Here we remember that this idea is theoretically predicated on a “national divorce.” So there’s a new country, Red America, and it’s letting new immigrants from Bluemerica vote legally after five years? Quite a change from Greene and Hannity’s assessment of when immigrants from outside the currently constituted United States should be allowed to vote.
Again, this is not serious in the big picture or in the details. It is an amalgam of anti-left rhetoric reworked into something passable with allies as a complex proposal. It considers no complexity, like the fact that Red America employers would be unable to recruit from the foreign land. Greene’s home state of Georgia — a blue state, per the 2020 presidential election results! — would be an island surrounded by red, with anyone hoping to move to Alabama or South Carolina or wherever disenfranchised for half a decade.
Of course, Greene doesn’t really think Georgia is a blue state since she’s eagerly reiterated Donald Trump’s false claims about election fraud. She said on Hannity (and on social media) that everyone she knows thinks the left is toxic and dangerous — an admission that tells us less about the politics of Georgia than about her chosen associations. But her point, really, is that she doesn’t want states like Georgia to go from red to blue. That’s what the five-year ban is about.
It’s hard to evaluate what would happen if the rule had been in place before 2020. Yes, we have data on moves from 2015 to 2019, but not on whether those individuals had moved to a state and then moved back out. We don’t know how many are citizens or adults, requirements for voting in federal elections anyway. But let’s assume, unfairly, that everyone who moved to a state during those five years stayed, was an adult citizen and — importantly and least defensively — voted in line with their originating state’s 2016 politics. In other words, if you came from California, then you would then have voted for Joe Biden in 2020.
What happens? Well, if only red states ban votes from new blue-state arrivals, then all of the states that flipped from Trump to Biden between 2016 and 2020 would stay in Trump’s column. It’s not hard to see why if we look at Georgia. Biden got 2.47 million votes there in 2020, winning by nearly 12,000 votes. But if we take out the 541,000 people who moved from blue states? An easy Trump win.
If we assume that blue states would reciprocate, things don’t change. Those same five states still flip from Biden to Trump, but no states flip from Trump to Biden. Why? In part because Biden won more populous states by bigger vote margins. In part, too, because blue states see more in-migration from other blue states.

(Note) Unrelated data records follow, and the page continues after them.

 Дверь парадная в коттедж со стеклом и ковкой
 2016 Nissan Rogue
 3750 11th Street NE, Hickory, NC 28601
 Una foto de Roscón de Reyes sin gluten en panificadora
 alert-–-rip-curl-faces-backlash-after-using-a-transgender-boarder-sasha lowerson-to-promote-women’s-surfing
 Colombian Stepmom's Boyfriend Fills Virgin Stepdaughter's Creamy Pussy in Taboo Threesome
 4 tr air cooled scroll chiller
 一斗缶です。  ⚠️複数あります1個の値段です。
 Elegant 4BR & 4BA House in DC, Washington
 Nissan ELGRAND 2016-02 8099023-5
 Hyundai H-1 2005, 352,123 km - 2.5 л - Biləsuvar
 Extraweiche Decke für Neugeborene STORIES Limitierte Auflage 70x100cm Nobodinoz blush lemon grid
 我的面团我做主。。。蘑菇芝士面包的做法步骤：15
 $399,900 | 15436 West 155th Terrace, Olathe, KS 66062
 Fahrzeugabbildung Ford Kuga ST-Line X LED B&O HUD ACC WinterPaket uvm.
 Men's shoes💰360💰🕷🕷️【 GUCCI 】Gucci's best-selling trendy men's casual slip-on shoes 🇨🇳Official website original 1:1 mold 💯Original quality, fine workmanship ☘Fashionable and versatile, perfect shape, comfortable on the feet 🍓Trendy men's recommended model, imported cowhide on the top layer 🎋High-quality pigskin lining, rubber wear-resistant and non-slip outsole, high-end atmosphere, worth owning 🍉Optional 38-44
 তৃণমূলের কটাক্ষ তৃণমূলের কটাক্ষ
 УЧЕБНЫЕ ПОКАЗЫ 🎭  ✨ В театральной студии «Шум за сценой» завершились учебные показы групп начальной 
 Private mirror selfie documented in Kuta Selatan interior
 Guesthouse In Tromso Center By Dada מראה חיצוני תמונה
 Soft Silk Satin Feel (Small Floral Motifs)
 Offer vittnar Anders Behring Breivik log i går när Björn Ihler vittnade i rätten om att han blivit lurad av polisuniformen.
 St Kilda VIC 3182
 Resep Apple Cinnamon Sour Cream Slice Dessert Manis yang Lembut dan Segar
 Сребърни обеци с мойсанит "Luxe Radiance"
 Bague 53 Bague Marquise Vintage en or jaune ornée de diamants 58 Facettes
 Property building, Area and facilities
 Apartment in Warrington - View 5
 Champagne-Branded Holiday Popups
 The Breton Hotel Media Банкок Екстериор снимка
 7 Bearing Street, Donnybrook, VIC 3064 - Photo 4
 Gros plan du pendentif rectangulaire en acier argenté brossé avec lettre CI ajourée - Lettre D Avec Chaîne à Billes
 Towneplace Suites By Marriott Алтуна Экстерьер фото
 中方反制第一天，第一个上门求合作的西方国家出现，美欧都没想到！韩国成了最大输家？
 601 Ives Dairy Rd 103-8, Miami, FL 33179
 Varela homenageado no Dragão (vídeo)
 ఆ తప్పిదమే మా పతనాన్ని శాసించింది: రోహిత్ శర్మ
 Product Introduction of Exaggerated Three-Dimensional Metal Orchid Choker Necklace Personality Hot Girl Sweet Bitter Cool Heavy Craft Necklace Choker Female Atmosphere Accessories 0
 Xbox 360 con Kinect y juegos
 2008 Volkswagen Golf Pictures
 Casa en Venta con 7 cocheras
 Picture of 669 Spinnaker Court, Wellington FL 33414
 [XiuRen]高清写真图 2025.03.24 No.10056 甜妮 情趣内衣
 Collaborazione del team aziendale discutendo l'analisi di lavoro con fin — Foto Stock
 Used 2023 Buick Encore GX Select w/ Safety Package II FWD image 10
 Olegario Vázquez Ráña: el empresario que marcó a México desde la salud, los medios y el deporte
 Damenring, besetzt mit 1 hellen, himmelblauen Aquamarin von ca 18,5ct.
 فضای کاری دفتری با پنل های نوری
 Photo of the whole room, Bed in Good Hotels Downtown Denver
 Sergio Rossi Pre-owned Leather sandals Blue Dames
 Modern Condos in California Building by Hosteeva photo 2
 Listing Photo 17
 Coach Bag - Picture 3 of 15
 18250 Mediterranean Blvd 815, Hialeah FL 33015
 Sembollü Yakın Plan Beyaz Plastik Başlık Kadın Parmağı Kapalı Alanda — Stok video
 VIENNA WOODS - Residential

If we simply imagine a blanket rule in which no one who has arrived in the past five years can vote, things get goofy. Suddenly Delaware goes for Trump in 2020, which doesn’t seem to accurately reflect how natives of the state feel about Joe Biden. Trump picks up a number of other smaller states, too, such as Maine, but larger states like Michigan go back to Biden. It’s a mess.
It’s also nonsense. It’s part of a long-standing effort to cast Democratic votes as unwelcome, tainted or invalid. Instead of complaining about urban votes after the fact, this is just advocacy of disenfranchising Democrats at the outset.
But it also reflects something that Greene and Hannity don’t want to admit. State politics are shifting as a result of population changes. That disadvantaged Trump in 2020 and likely poses a problem for Republicans moving forward. Instead of actually making compelling arguments to win over Democrats and swing voters, Greene and Hannity want to create a real-world manifestation of their rhetorical bubble and keep out anyone who would challenge their worldview.
This is not a demonstration of confidence in their position.